» **TASK TO COMPLETE**
Your answer should be every line with the word "Sierra", copied from the data below.

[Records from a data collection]
——————

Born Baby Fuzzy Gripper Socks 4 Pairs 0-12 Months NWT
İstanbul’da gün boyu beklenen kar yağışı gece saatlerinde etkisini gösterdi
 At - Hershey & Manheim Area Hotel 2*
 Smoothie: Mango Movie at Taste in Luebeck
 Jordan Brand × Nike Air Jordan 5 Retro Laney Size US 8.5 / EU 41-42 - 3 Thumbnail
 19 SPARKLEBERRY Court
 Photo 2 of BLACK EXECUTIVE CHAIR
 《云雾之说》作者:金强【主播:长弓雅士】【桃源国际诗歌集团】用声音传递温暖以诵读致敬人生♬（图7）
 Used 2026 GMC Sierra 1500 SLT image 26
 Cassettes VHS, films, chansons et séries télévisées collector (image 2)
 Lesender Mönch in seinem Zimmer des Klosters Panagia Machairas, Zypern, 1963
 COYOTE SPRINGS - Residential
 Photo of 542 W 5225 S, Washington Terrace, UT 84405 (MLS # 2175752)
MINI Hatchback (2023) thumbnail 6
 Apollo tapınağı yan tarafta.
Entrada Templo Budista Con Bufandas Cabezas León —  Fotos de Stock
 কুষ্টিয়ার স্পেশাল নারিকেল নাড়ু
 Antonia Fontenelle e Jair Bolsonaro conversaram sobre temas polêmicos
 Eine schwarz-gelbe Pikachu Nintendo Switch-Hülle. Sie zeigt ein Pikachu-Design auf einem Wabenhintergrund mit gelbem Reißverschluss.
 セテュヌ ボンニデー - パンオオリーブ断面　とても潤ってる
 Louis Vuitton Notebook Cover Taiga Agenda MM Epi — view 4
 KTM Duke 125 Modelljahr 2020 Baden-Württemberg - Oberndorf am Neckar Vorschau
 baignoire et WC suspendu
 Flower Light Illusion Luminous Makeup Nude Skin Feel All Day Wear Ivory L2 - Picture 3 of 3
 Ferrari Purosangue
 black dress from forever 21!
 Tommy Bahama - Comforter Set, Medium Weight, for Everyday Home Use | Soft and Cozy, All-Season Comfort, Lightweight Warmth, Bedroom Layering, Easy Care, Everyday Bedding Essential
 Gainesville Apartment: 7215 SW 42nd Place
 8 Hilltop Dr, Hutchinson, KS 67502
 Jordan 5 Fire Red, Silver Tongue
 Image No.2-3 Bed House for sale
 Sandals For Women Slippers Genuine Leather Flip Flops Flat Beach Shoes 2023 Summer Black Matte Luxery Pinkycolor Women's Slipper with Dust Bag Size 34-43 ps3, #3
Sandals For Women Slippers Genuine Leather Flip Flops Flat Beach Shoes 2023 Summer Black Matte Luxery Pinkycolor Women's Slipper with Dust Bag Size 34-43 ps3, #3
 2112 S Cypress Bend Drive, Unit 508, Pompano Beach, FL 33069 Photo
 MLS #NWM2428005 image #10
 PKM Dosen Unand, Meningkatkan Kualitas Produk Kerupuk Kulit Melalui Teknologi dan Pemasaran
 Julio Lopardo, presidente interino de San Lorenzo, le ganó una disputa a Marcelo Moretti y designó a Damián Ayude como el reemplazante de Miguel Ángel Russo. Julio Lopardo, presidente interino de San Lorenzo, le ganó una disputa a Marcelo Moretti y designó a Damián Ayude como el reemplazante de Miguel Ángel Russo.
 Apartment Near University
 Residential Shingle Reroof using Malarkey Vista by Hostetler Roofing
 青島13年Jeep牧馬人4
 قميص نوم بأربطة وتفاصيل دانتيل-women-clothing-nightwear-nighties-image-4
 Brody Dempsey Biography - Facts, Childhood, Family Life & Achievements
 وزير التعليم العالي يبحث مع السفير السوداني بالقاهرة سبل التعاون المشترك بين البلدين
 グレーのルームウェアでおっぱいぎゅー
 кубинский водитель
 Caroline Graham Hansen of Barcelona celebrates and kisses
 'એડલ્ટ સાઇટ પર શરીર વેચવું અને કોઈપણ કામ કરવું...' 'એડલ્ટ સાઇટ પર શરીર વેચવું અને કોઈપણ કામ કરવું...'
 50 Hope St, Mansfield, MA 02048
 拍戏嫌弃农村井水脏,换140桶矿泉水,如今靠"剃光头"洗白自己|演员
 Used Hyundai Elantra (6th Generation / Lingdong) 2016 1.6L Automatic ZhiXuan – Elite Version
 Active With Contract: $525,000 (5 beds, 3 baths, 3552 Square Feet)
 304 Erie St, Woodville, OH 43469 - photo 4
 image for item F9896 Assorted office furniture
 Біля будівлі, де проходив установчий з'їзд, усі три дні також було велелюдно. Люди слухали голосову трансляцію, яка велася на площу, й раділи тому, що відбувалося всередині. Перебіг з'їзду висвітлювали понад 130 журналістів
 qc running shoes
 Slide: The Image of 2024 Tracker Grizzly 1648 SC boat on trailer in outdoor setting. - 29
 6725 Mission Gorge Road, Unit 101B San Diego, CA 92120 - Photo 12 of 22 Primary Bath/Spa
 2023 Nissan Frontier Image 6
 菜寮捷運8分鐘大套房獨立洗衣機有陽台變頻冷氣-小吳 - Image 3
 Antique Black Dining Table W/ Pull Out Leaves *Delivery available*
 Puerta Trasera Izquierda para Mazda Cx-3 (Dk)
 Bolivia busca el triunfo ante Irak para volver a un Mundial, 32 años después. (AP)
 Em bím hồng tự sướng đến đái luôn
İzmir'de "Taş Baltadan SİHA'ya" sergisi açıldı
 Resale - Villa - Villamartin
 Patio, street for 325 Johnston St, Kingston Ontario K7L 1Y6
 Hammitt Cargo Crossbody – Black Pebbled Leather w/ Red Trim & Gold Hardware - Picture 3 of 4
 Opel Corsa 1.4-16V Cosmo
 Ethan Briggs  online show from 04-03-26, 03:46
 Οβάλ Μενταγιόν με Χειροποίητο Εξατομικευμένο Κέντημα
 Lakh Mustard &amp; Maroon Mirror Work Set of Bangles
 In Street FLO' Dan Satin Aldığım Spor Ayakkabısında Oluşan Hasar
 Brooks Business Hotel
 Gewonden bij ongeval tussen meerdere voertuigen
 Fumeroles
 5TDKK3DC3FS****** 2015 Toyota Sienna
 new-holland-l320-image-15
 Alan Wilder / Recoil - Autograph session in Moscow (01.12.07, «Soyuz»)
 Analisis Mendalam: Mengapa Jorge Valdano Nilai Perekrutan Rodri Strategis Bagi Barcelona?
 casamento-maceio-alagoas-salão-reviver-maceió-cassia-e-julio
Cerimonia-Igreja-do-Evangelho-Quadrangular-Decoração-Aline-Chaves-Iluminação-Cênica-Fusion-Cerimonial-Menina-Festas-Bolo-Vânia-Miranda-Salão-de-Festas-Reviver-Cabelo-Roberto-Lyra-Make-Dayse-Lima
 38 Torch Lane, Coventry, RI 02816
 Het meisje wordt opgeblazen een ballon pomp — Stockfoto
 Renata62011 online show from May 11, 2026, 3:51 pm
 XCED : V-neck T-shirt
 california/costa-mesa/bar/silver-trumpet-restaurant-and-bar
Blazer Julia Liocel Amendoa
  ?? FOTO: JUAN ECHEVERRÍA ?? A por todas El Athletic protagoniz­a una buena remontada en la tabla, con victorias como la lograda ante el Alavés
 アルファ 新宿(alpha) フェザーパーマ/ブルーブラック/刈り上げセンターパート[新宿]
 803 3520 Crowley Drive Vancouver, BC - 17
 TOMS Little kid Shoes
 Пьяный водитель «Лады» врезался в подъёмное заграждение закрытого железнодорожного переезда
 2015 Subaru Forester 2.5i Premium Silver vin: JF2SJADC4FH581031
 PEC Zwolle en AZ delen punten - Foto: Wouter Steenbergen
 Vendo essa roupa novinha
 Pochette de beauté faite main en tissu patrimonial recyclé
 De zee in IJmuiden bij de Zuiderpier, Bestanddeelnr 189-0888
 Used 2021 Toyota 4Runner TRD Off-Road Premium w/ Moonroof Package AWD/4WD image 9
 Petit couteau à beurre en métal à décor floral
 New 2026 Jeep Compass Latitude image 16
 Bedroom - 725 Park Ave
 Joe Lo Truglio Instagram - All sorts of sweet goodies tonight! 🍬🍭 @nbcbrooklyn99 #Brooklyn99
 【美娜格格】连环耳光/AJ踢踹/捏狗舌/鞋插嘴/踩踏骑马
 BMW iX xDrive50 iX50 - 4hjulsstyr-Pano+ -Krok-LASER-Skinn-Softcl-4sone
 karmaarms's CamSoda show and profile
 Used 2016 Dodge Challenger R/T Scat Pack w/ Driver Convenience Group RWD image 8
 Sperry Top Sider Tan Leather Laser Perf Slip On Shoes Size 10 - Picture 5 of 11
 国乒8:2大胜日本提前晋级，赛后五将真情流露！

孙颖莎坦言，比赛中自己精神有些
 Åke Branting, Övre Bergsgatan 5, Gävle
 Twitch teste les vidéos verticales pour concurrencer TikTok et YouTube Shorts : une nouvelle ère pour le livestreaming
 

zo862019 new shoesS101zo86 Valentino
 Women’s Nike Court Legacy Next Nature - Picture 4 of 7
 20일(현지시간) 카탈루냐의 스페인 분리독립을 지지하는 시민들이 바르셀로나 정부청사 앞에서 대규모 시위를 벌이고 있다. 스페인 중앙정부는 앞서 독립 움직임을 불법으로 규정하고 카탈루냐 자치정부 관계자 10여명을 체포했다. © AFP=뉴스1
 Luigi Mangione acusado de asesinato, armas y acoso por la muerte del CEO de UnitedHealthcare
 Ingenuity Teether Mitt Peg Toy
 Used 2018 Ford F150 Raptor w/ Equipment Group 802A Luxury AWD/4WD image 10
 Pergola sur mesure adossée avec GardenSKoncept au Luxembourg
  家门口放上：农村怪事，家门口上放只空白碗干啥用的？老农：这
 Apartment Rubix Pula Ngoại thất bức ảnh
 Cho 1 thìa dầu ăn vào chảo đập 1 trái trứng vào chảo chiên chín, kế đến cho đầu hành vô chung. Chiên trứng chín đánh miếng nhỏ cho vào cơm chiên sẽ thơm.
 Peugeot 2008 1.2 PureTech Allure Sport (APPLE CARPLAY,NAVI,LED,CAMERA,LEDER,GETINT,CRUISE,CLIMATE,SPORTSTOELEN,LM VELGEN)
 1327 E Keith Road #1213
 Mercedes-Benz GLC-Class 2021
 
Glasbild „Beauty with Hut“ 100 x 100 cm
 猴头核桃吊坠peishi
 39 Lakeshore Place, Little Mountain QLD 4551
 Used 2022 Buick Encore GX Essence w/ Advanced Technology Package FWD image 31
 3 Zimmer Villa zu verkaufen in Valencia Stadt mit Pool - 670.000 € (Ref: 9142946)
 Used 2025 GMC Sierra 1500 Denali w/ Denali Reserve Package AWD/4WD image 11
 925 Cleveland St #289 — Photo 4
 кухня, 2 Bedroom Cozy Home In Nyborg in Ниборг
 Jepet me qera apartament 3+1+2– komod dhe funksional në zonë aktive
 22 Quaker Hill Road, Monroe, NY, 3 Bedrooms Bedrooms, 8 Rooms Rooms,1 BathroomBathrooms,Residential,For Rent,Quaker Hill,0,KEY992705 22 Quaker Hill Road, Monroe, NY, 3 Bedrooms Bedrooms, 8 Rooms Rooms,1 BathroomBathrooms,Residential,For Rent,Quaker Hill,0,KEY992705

——————

» **ANSWER**
 Used 2026 GMC Sierra 1500 SLT image 26
 Used 2025 GMC Sierra 1500 Denali w/ Denali Reserve Package AWD/4WD image 11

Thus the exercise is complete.